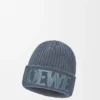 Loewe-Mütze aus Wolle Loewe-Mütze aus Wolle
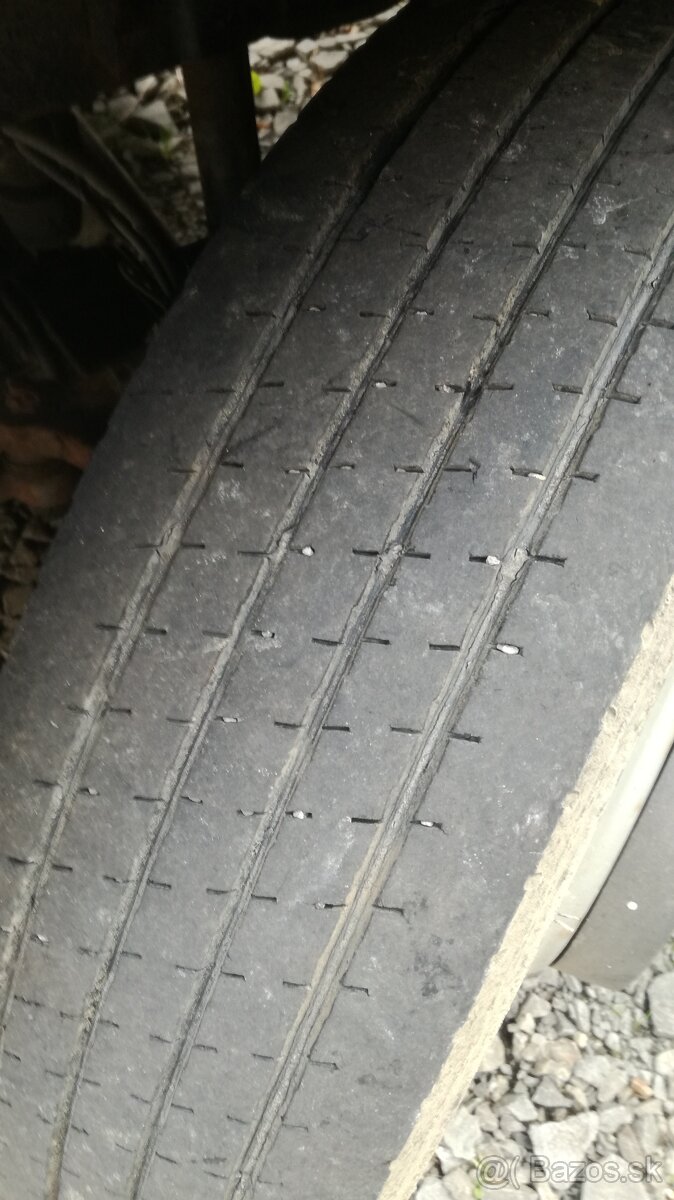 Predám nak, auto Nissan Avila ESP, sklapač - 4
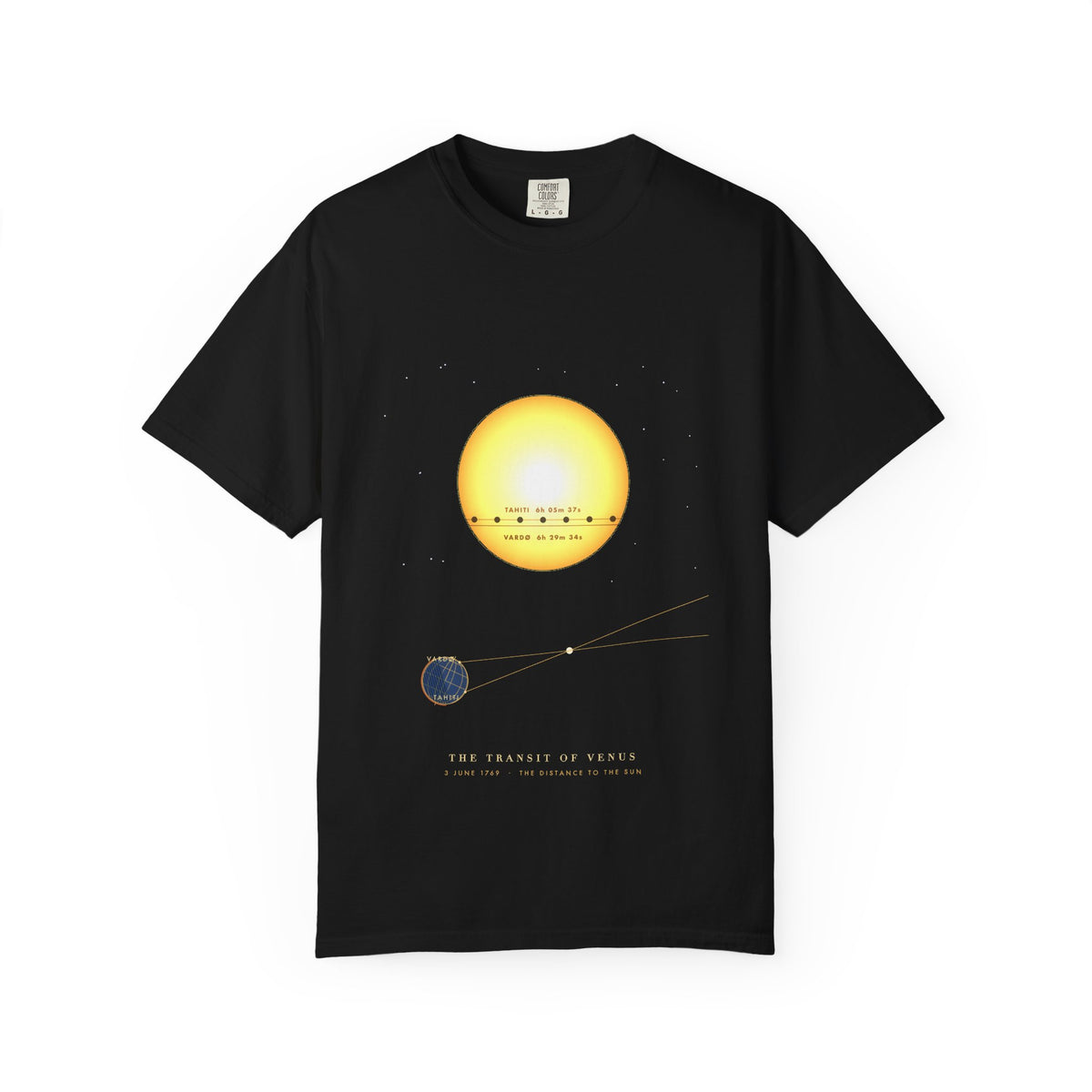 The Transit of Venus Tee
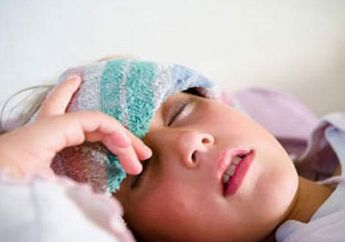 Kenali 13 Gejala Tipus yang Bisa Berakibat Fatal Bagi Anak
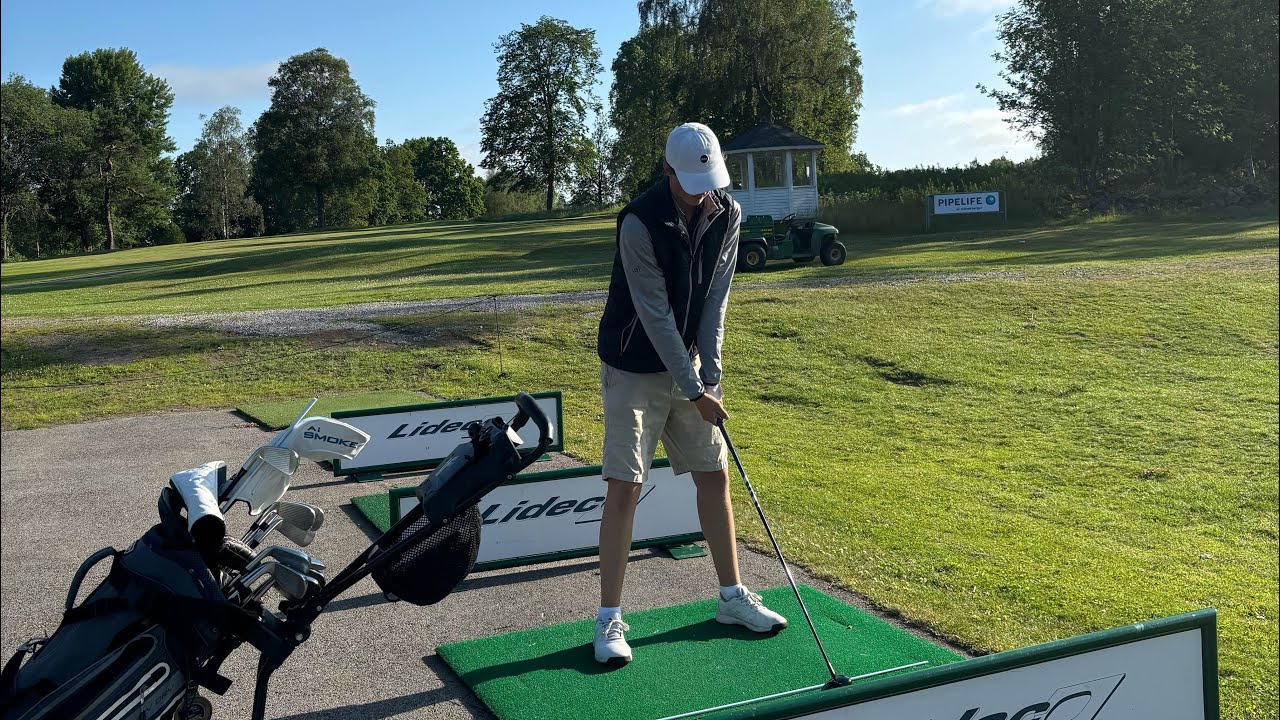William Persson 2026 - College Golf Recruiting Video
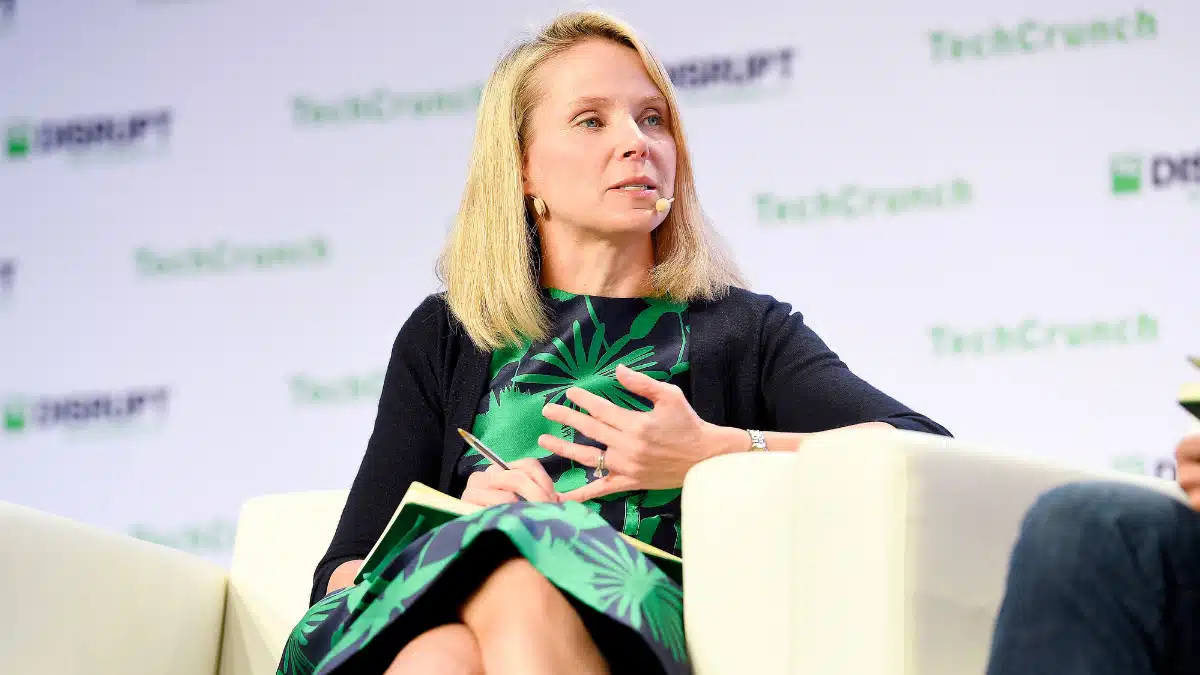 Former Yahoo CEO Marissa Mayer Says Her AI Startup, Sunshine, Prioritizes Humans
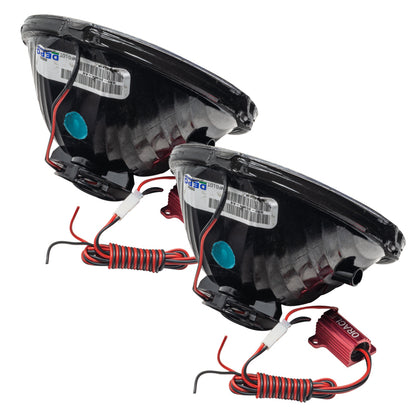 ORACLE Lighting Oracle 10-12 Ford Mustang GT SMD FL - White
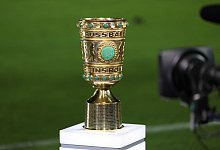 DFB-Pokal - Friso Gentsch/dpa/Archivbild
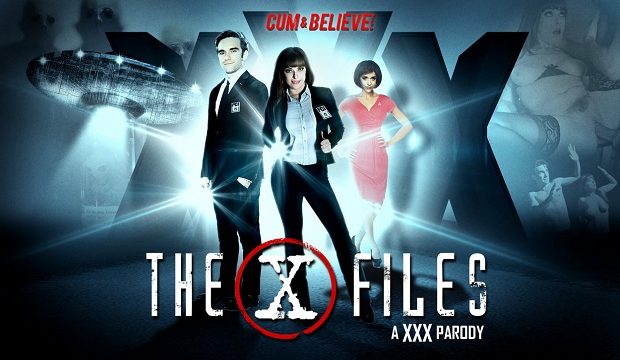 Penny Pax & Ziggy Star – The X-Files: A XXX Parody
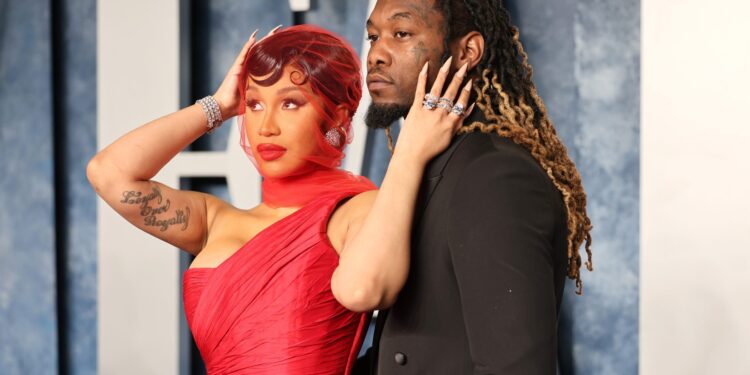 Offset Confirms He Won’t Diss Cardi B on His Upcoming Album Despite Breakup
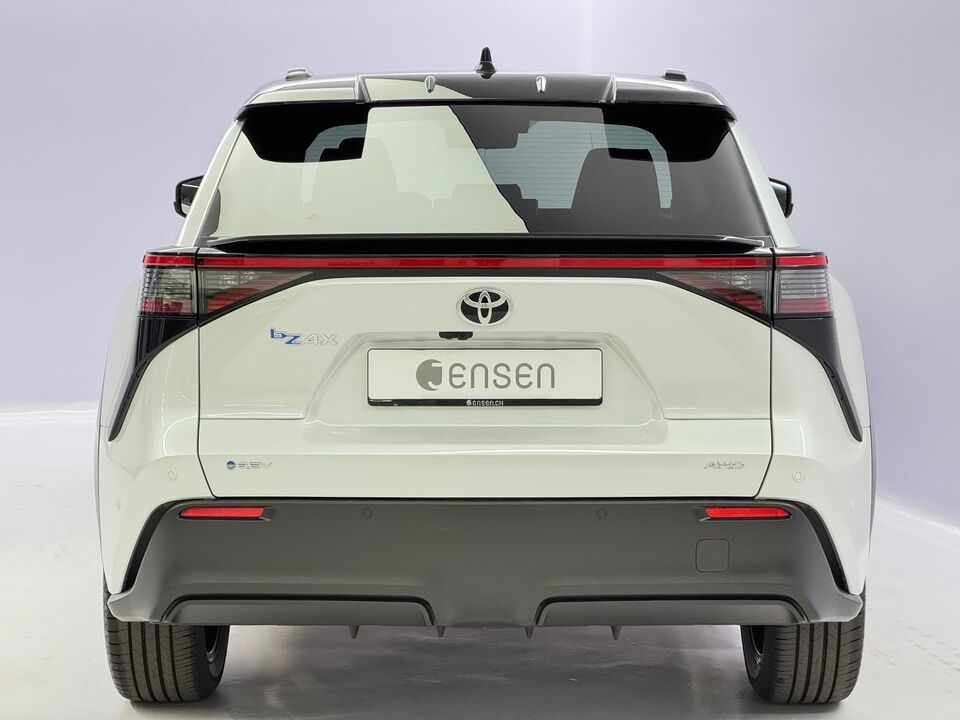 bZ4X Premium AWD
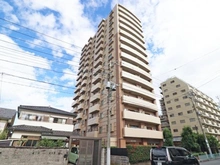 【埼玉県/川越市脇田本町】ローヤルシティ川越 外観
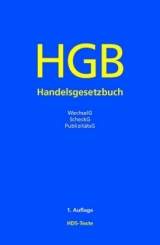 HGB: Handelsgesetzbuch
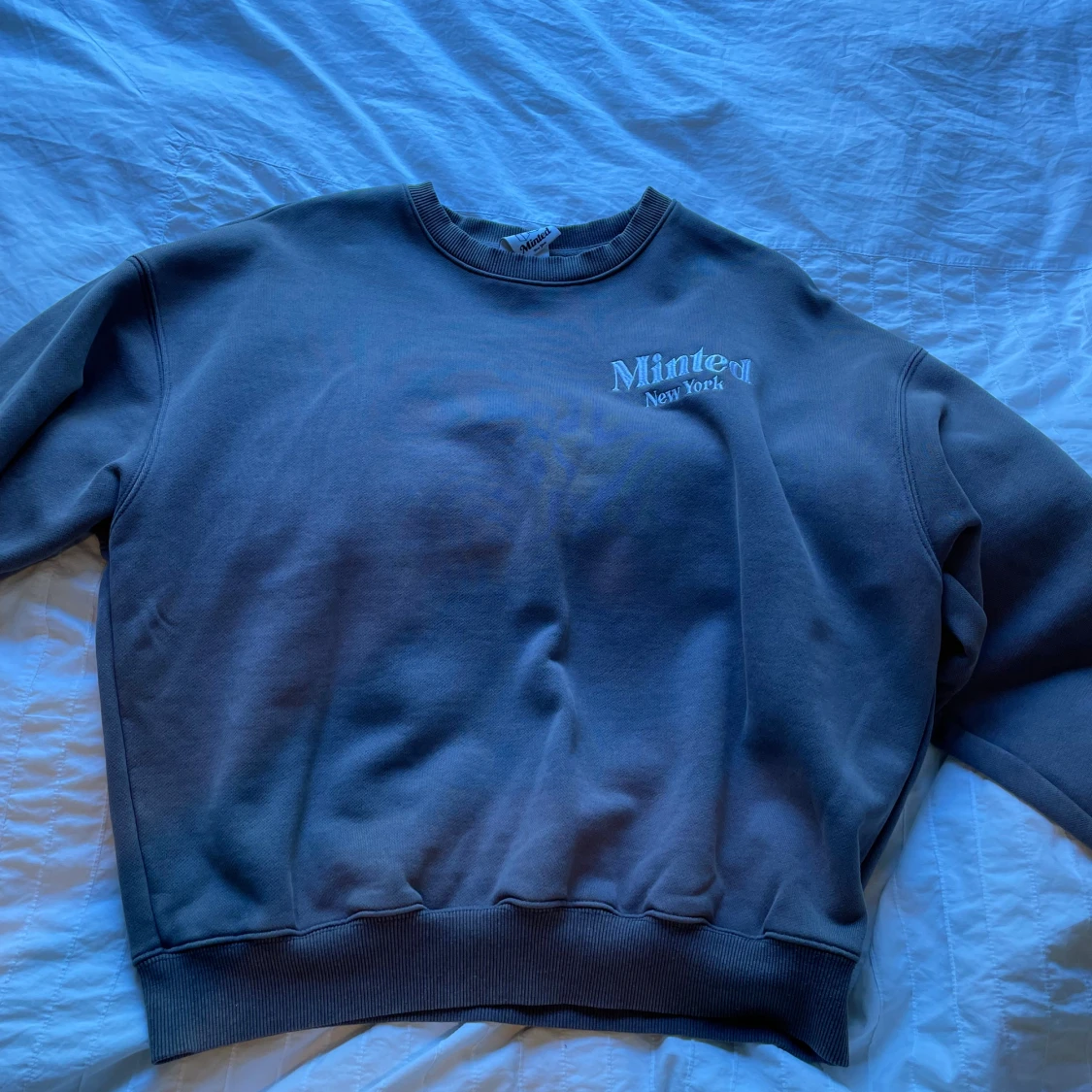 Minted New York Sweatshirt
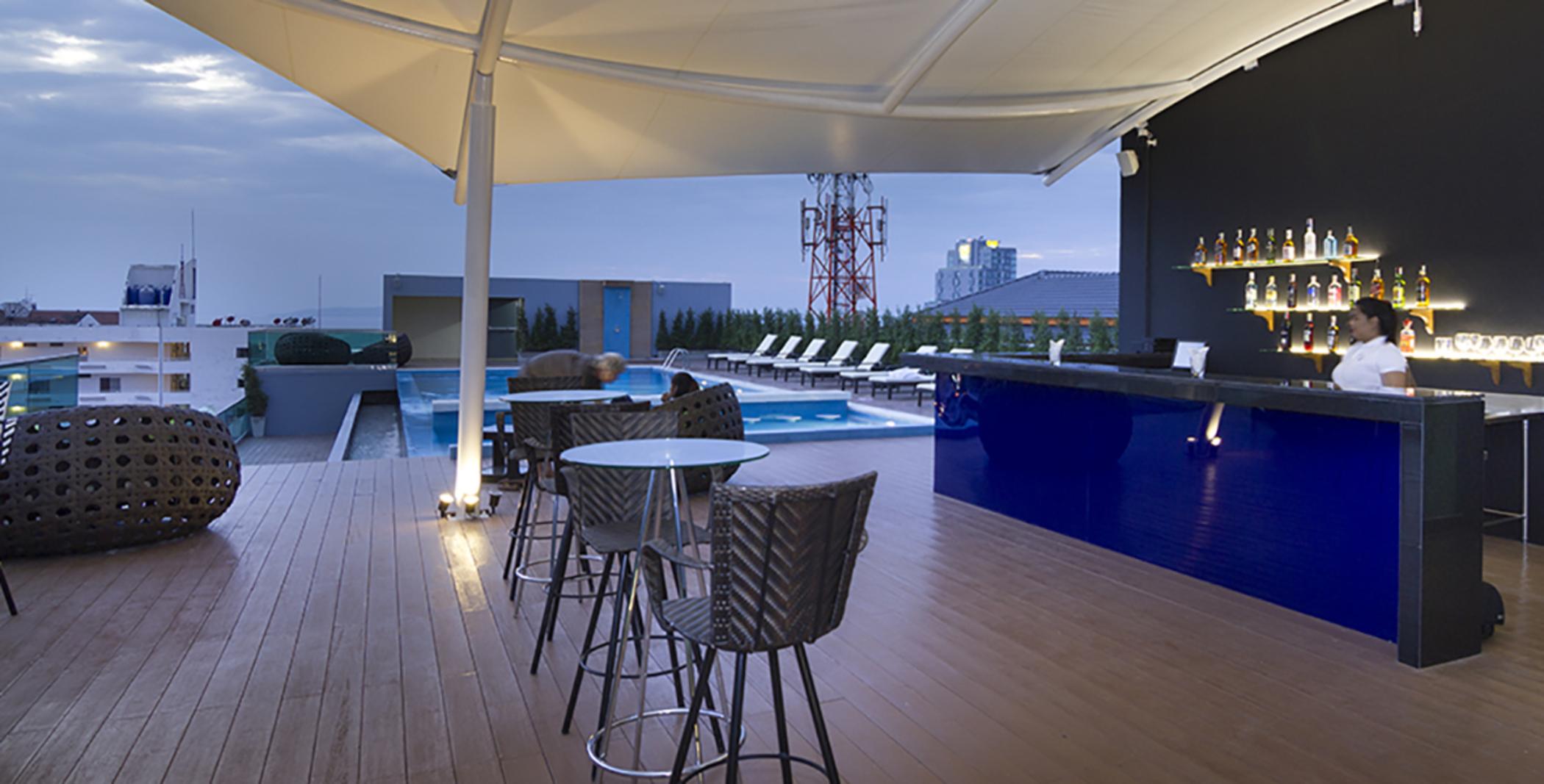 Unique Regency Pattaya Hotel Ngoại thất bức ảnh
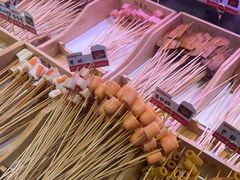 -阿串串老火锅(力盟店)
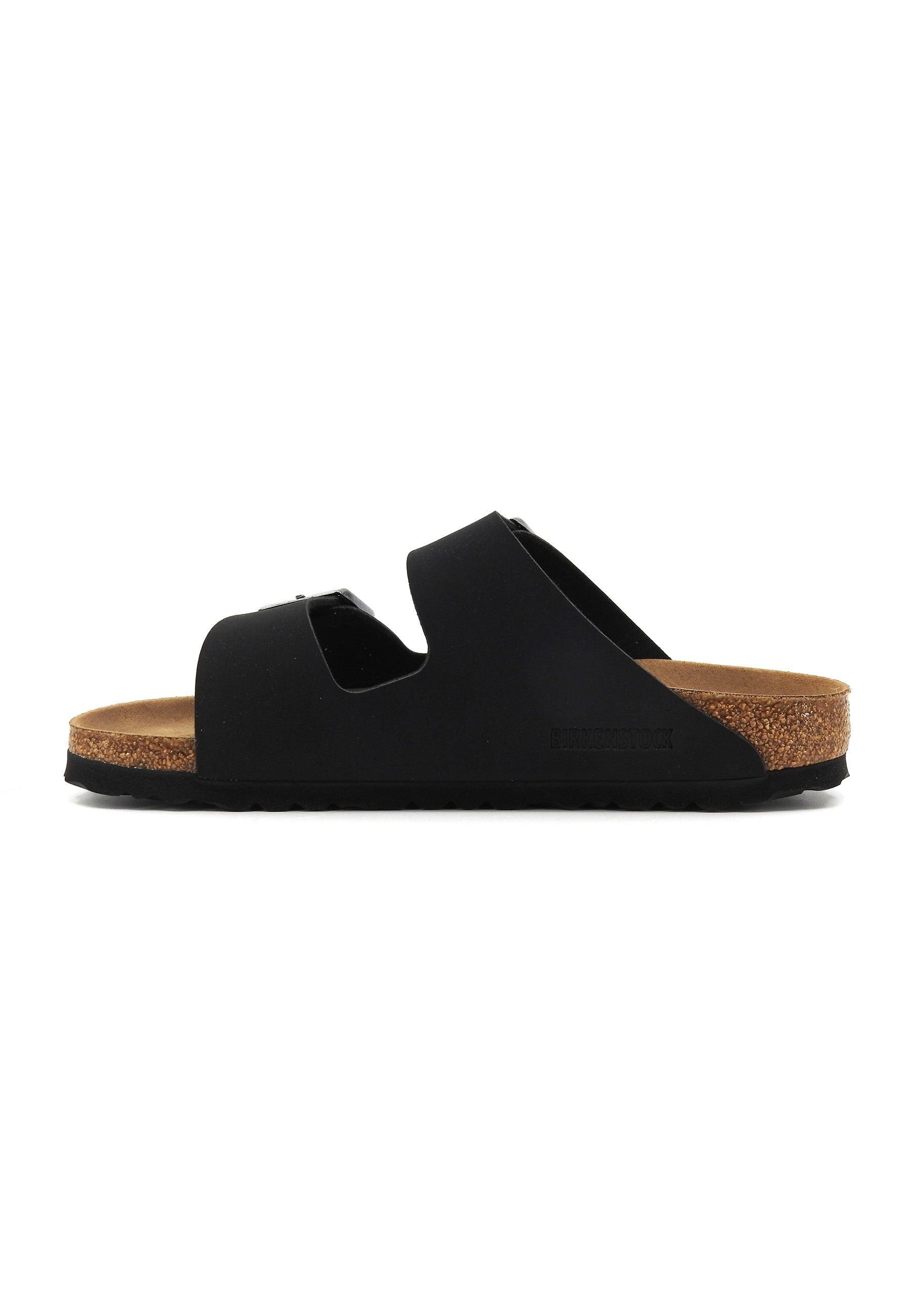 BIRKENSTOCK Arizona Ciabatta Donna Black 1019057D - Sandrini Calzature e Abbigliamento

_ _ _

→ Work instructions
In your copy of the listing, please omit the pictures and keep every word exact.

→ Task output
 Loewe-Mütze aus Wolle Loewe-Mütze aus Wolle
 Predám nak, auto Nissan Avila ESP, sklapač - 4
 The Transit of Venus Tee
 Kenali 13 Gejala Tipus yang Bisa Berakibat Fatal Bagi Anak
William Persson 2026 - College Golf Recruiting Video
 Former Yahoo CEO Marissa Mayer Says Her AI Startup, Sunshine, Prioritizes Humans
 ORACLE Lighting Oracle 10-12 Ford Mustang GT SMD FL - White
 DFB-Pokal - Friso Gentsch/dpa/Archivbild
 Penny Pax & Ziggy Star – The X-Files: A XXX Parody
 Offset Confirms He Won’t Diss Cardi B on His Upcoming Album Despite Breakup
 bZ4X Premium AWD
 【埼玉県/川越市脇田本町】ローヤルシティ川越 外観
 HGB: Handelsgesetzbuch
 Minted New York Sweatshirt
 Unique Regency Pattaya Hotel Ngoại thất bức ảnh
 -阿串串老火锅(力盟店)
 BIRKENSTOCK Arizona Ciabatta Donna Black 1019057D - Sandrini Calzature e Abbigliamento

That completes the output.